The facility will seek to work with existing banks and new financial institutions
that may be established in Iraq. It will consist of a technical assistance
component of up to $30 million for capacity building and a micro and small
business finance component of up to $170 million to provide financing through
partner financial institutions.
“Conditions in Iraq are evolving quickly and IFC wants to be in a position
to begin financing activities as soon as the environment permits”, said
Peter Woicke, IFC’s executive vice president.
“We are hopeful that this project will support the overall reconstruction
efforts underway in the country.”
The technical assistance component of the facility will help participating
financial institutions develop capacity for micro and small business financing
by providing training, systems and, in some cases, helping to create units
with specialized expertise. IFC expects to work with other donors,
bilateral agencies, and commercial investors for both funding and technical
Other institutions in the World Bank Group, namely, the International Bank
for Reconstruction and Development (IBRD) and the International Development
Association (IDA) have assisted in the preparation of a Needs Assessment
for Iraq’s reconstruction, which formed a basis for the new IFC facility.
IBRD and IDA continue to carry out required preparatory work and plan to
begin operations in Iraq contingent upon improved security and a number
of factors – such as debt sustainability, settlement of arrears, and governance
-- that do not apply to IFC in light of its private sector focus.
“An urgent priority in Iraq is job creation, putting businesses back on
their feet and creating opportunities in the private sector”, Woicke said.

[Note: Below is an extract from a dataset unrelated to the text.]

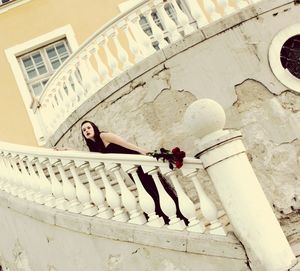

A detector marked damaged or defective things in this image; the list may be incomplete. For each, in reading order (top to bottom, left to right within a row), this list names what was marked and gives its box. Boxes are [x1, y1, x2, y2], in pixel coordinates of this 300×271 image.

cracked wall surface [55, 1, 298, 228]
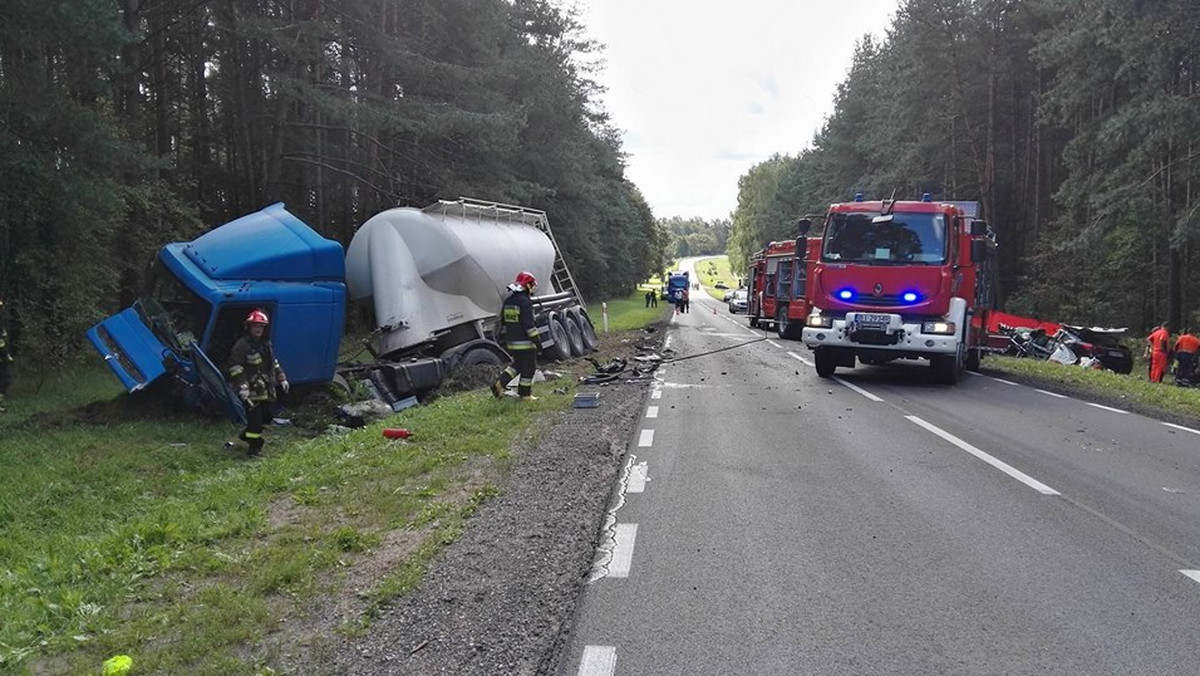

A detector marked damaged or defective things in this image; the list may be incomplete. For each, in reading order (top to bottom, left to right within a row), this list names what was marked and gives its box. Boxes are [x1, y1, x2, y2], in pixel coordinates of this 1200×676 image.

“This will be achieved by supporting micro and small businesses. These
enterprises are an important part of Iraq’s economy and have an important
role to play in its economic revival.”
The mission of IFC (www.ifc.org)
is to promote sustainable private sector investment in developing countries,
helping to reduce poverty and improve people's lives. IFC finances private
sector investments in the developing world, mobilizes capital in the international
financial markets, helps clients improve social and environmental sustainability,
and provides technical assistance and advice to governments and businesses.
From its founding in 1956 through FY03, IFC has committed more than $37
billion of its own funds and arranged $22 billion in syndications for 2,990
companies in 140 developing countries. IFC's worldwide committed portfolio
as of FY03 was $16.8 billion for its own account and $6.6 billion held
for participants in loan syndications.